Section 7.1 of RFC 6583 recommends how intermediate nodes should behave when the neighbor cache is exceeded. Section 6 of RFC 6583 [RFC6583] recommends how damage from an IPv6 address scan may be mitigated. Section 6.2 of RFC 6583 [RFC6583] discusses queue tuning.

4. Test Setup

The network needs to minimally have two subnets: one from which the scanner(s) source their scanning activity and the other which is the target network of the address scans.

It is assumed that the latency for all network segments is neglible. By default, the target network's subnet shall be 64-bits in length, although some tests may involve increasing the prefix length.

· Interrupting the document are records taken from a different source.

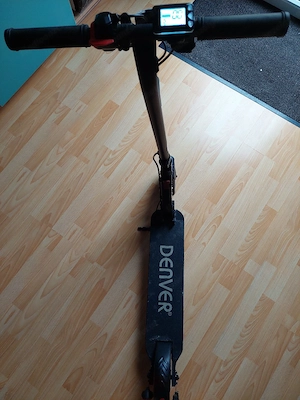 E-scooter  Bild 3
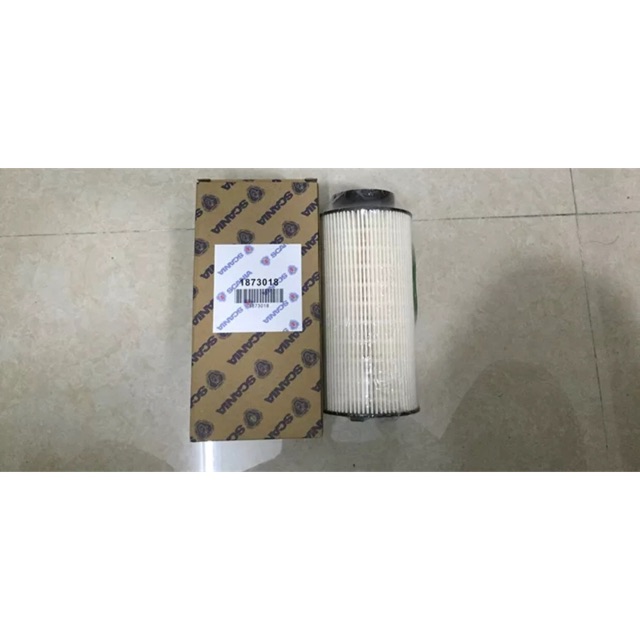 Scania r420 oil filter 1873018 Shopee Malaysia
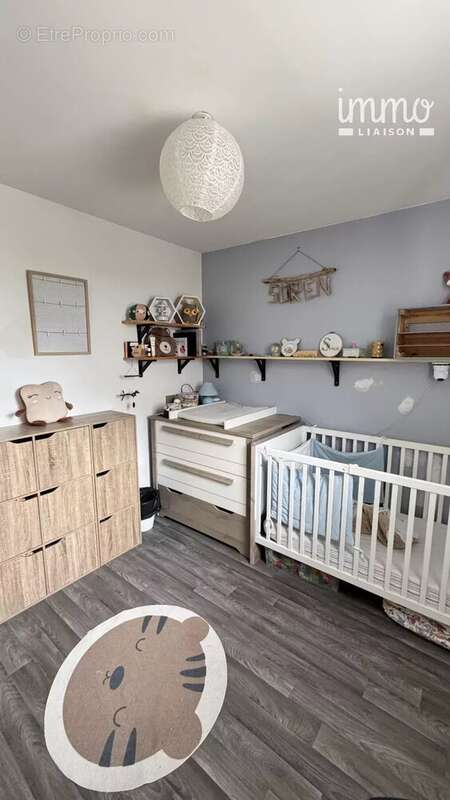 Maison à TREILLIERES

Although packet size shouldn’t have a direct impact, packet per second (pps) rates will have an impact. Smaller packet sizes should be utilized to facilitate higher packet per second rates.

For purposes of this test, the packet type being sent by the scanning device isn’t important, although most scanning applications might want to send packets that would elicit responses from nodes within a subnet (such as an ICMPv6 echo request). Since it is not intended that responses be evoked from the target network node, such packets aren’t necessary.

At the beginning of each test the intermediate node should be initialized. Minimally, the neighbor cache should be cleared.

Basic format of test network. Note that optional "non-participating network" is a third network not related to the scanner or target network.

+---------------+             +-----------+             +--------------+
|               |   Scanner   |           |   Target    |              |
|   Scanning    |-------------|    DUT    |-------------|Target Network|
| src interface |   Network   |           |   Network   |dst interface |
|               |             |           |             |              |
+---------------+             +-----------+             +--------------+
                      

4.1. Testing Interfaces

Two tester interfaces are configured for most tests:

• Scanning source (src) interface: This is the interface from which test packets are sourced. This interface sources traffic to destination IPv6 addresses on the target network from a single link-local address, similar to how an adjacent intermediate node would transit traffic through the intermediate node.
• Target network destination (dst) interface: This interface responds to neighbor solicitations as appropriate and confirms when an intermediate node has forwarded a packet to the interface for consumption. Where appropriate, the target network destination interface will respond to neighbor solicitations with a unique link-layer address per IPv6 address solicited.

5. Modifiers (Variables)

5.1. Frequency of NDP Triggering Packets

The frequency of NDP triggering packets can be as high as the maximum packet per second rate that the scanner network will support (or is rated for). However, it may not be necessary to send packets at a particularly high rate. In fact, a non-benchmarking goal of testing could be to identify if the DUT is able to withstand scans at rates which otherwise would not impact the performance of the DUT.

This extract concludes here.